The reply should repeat all of the data word for word, with no pictures.

----

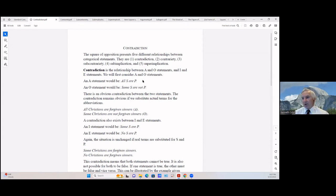To substitute actual terms: the A statement is 'all Christians are forgiven sinners' — Christians are S, forgiven sinners are P. The O statement is 'some Christians are not forgiven sinners.' Both cannot be true. If it is true that all Christians are forgiven sinners, it cannot be true that some Christians are not forgiven sinners.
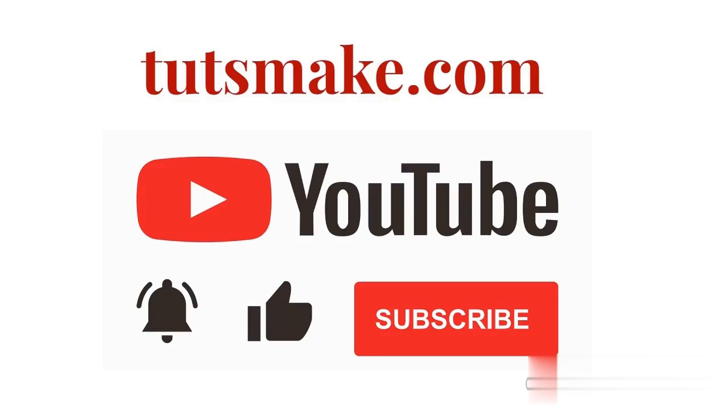If you want to read a detailed guide related to this video, I have the link in the video description. Please subscribe to our YouTube channel and visit my website tutsmake.com.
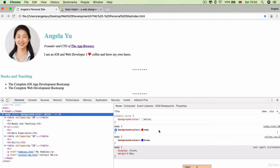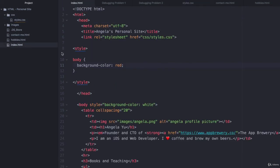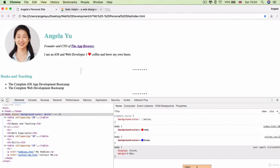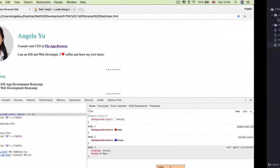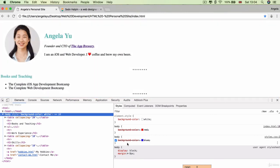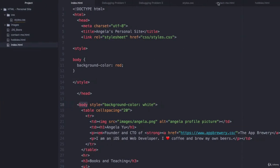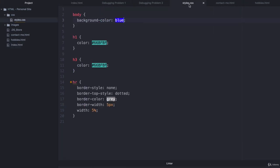But now if we select this line and we select our body element in the elements tab, you can see that there's three colors that are being applied to our body and two of them are crossed out. The red color, which comes from index.html on line 10, which is our internal CSS. And then we've got the white color, which is being applied on the style attribute of the actual body element. And finally, we've got some CSS rule being applied inside our file called styles.css on line two, where we're setting the background color to blue.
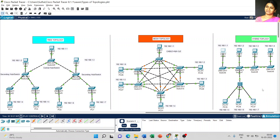Now coming to the problems in hybrid topology. The first disadvantage is the complexity of the design. For example, think about combining all five topologies — starting from bus, star, ring, tree, and mesh. If I am combining all the topologies, do you have the imagination of how the diagram would look? It is a really complex design and even really complex to understand the structure of the network.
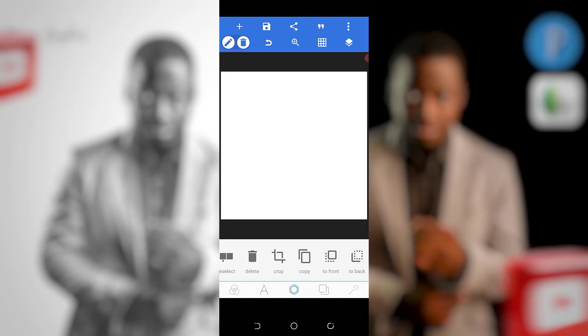Hello guys and welcome back to my channel, this is Azi Graphics. In this particular tutorial I'm teaching you how to create a pencil artwork for your design — not just pencil artwork. All right, let's go straight.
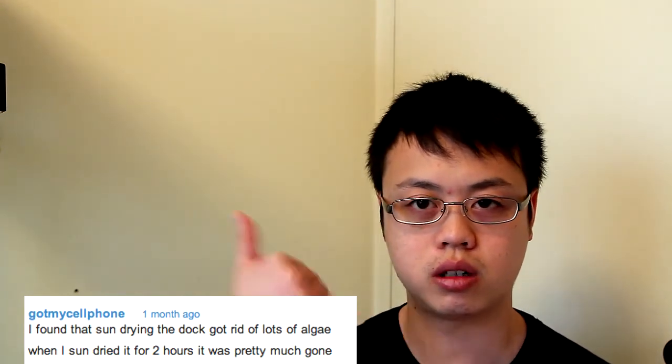Which is, I'll just put the link over there. Yeah, that's actually pretty cool. I've never tried that before, so if you guys have a turtle dock with a lot of algae on it, try drying out in the sun, and then post a comment below to tell me how well that works. Because that sounds like it could work. Thanks for that.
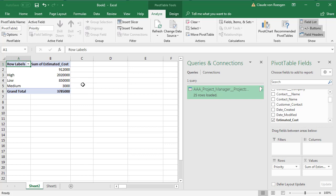Now if new data shows up in QuickBase, you can refresh this pivot table simply by clicking on this button here.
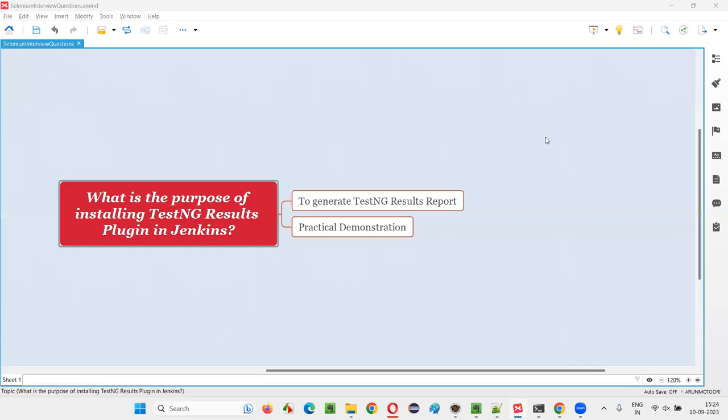Hello all, welcome to this session. In this session, I am going to answer one of the Selenium interview questions: what is the purpose of installing TestNG Results Plugin in Jenkins?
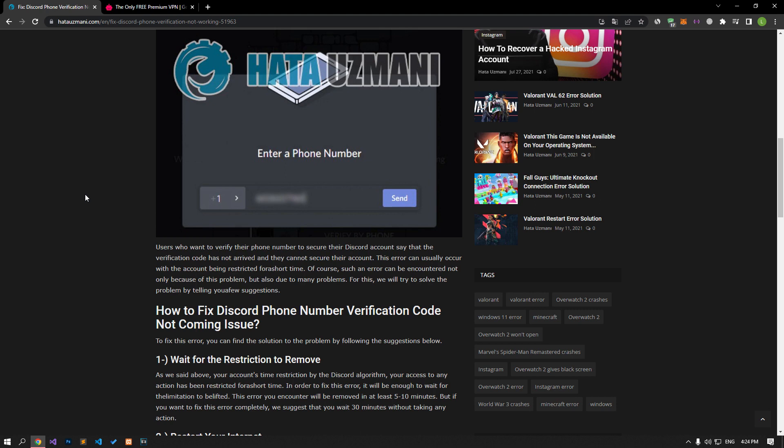Users who want to verify their phone number to secure their Discord account say that the verification code has not arrived and they cannot secure their account. This error can usually occur with the account being restricted for a short time. Of course, such an error can be encountered not only because of this problem, but also due to many problems. For this, we will try to solve the problem by telling you a few suggestions.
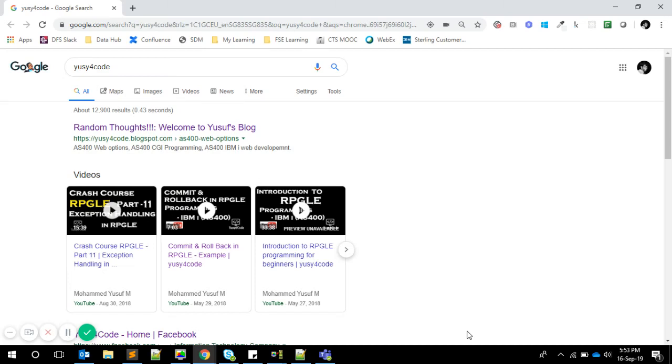Hello friends, this is Yusophia. Welcome to the final part of the ILE crash course. In this video, we are going to learn about binding directories. We are also left with one concept, activation groups, for which I have another video that I will be adding to the playlist as well as in the description.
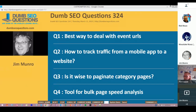Good morning. Good afternoon. Good evening. Welcome to Dumb SEO Questions. Each week we meet here to answer the questions asked on the SEO Questions community on Google Plus and also the Dumb SEO Questions Facebook group.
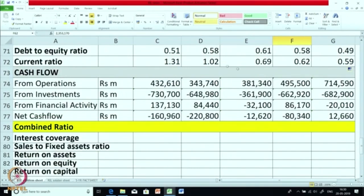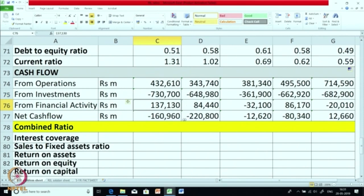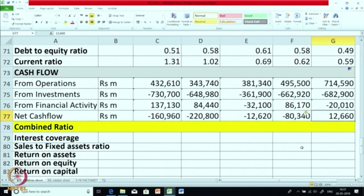Looking at the cash flow data: in the last year there is a significant increase in cash from operations. Cash from investments has been more or less maintained, though in March 2014 it was significantly negative, which is a positive sign. RIL has generally been able to make some investments each year. Net cash flow was minus 160, then minus 220, and in the last year it is 12,660.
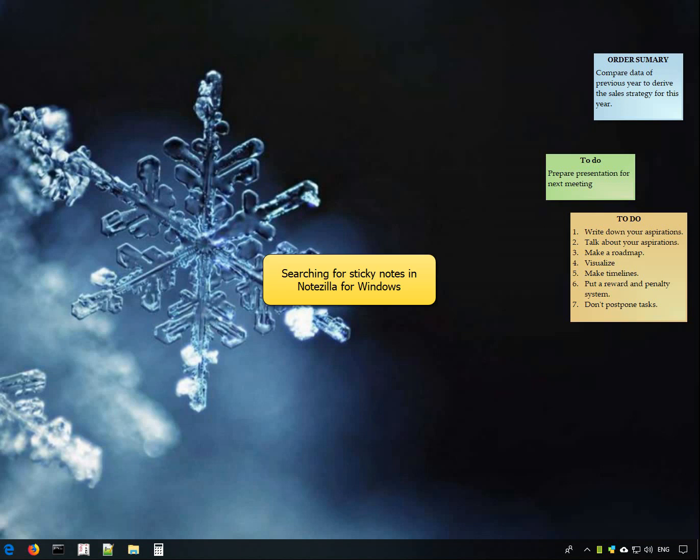Welcome! Today, you will see some quick ways to search for your Notezilla sticky notes.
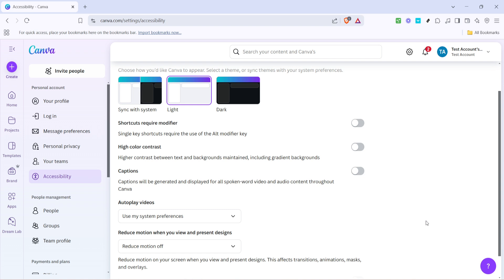And that's it. By following these simple steps, accessing the settings icon, navigating through the accessibility options, selecting system preferences, and toggling autoplay, you have successfully configured your Canva account to allow videos to autoplay.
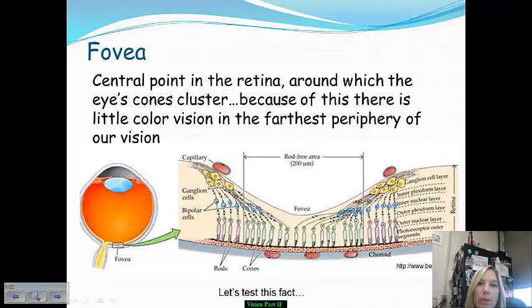Your fovea, as we looked at when we were going through the diagram, is towards the center of the retina, the back of the eye.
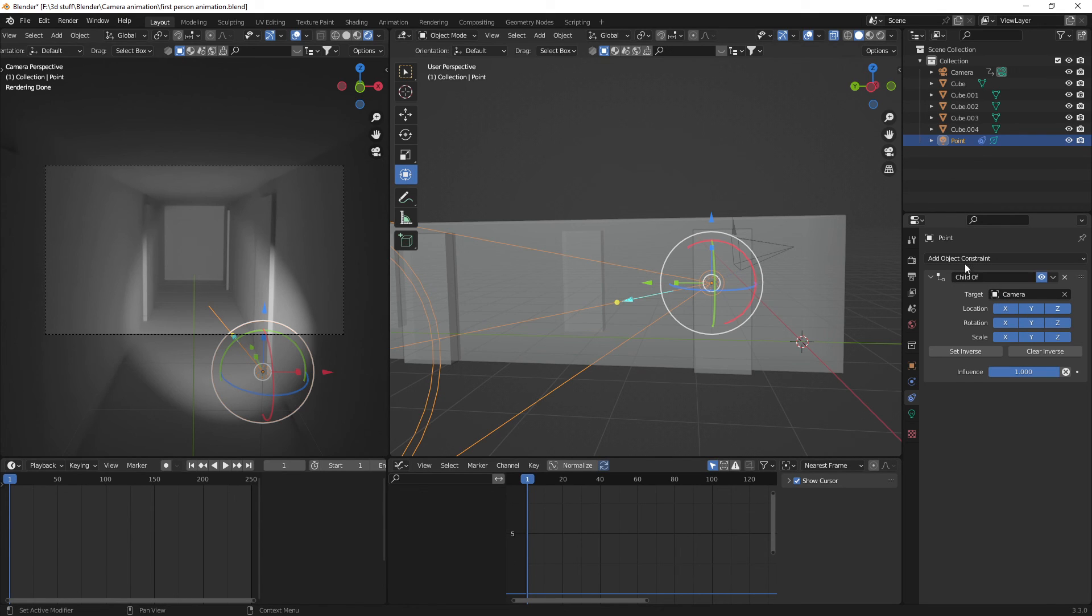Go into constraints, select child of, and select what the target is.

----

Solution to this exercise:
To substitute actual terms: the A statement is 'all Christians are forgiven sinners' — Christians are S, forgiven sinners are P. The O statement is 'some Christians are not forgiven sinners.' Both cannot be true. If it is true that all Christians are forgiven sinners, it cannot be true that some Christians are not forgiven sinners.
If you want to read a detailed guide related to this video, I have the link in the video description. Please subscribe to our YouTube channel and visit my website tutsmake.com.
But now if we select this line and we select our body element in the elements tab, you can see that there's three colors that are being applied to our body and two of them are crossed out. The red color, which comes from index.html on line 10, which is our internal CSS. And then we've got the white color, which is being applied on the style attribute of the actual body element. And finally, we've got some CSS rule being applied inside our file called styles.css on line two, where we're setting the background color to blue.
Now coming to the problems in hybrid topology. The first disadvantage is the complexity of the design. For example, think about combining all five topologies — starting from bus, star, ring, tree, and mesh. If I am combining all the topologies, do you have the imagination of how the diagram would look? It is a really complex design and even really complex to understand the structure of the network.
Hello guys and welcome back to my channel, this is Azi Graphics. In this particular tutorial I'm teaching you how to create a pencil artwork for your design — not just pencil artwork. All right, let's go straight.
Which is, I'll just put the link over there. Yeah, that's actually pretty cool. I've never tried that before, so if you guys have a turtle dock with a lot of algae on it, try drying out in the sun, and then post a comment below to tell me how well that works. Because that sounds like it could work. Thanks for that.
Now if new data shows up in QuickBase, you can refresh this pivot table simply by clicking on this button here.
Hello all, welcome to this session. In this session, I am going to answer one of the Selenium interview questions: what is the purpose of installing TestNG Results Plugin in Jenkins?
Users who want to verify their phone number to secure their Discord account say that the verification code has not arrived and they cannot secure their account. This error can usually occur with the account being restricted for a short time. Of course, such an error can be encountered not only because of this problem, but also due to many problems. For this, we will try to solve the problem by telling you a few suggestions.
Hello friends, this is Yusophia. Welcome to the final part of the ILE crash course. In this video, we are going to learn about binding directories. We are also left with one concept, activation groups, for which I have another video that I will be adding to the playlist as well as in the description.
Good morning. Good afternoon. Good evening. Welcome to Dumb SEO Questions. Each week we meet here to answer the questions asked on the SEO Questions community on Google Plus and also the Dumb SEO Questions Facebook group.
Looking at the cash flow data: in the last year there is a significant increase in cash from operations. Cash from investments has been more or less maintained, though in March 2014 it was significantly negative, which is a positive sign. RIL has generally been able to make some investments each year. Net cash flow was minus 160, then minus 220, and in the last year it is 12,660.
Welcome! Today, you will see some quick ways to search for your Notezilla sticky notes.
And that's it. By following these simple steps, accessing the settings icon, navigating through the accessibility options, selecting system preferences, and toggling autoplay, you have successfully configured your Canva account to allow videos to autoplay.
Your fovea, as we looked at when we were going through the diagram, is towards the center of the retina, the back of the eye.
Go into constraints, select child of, and select what the target is.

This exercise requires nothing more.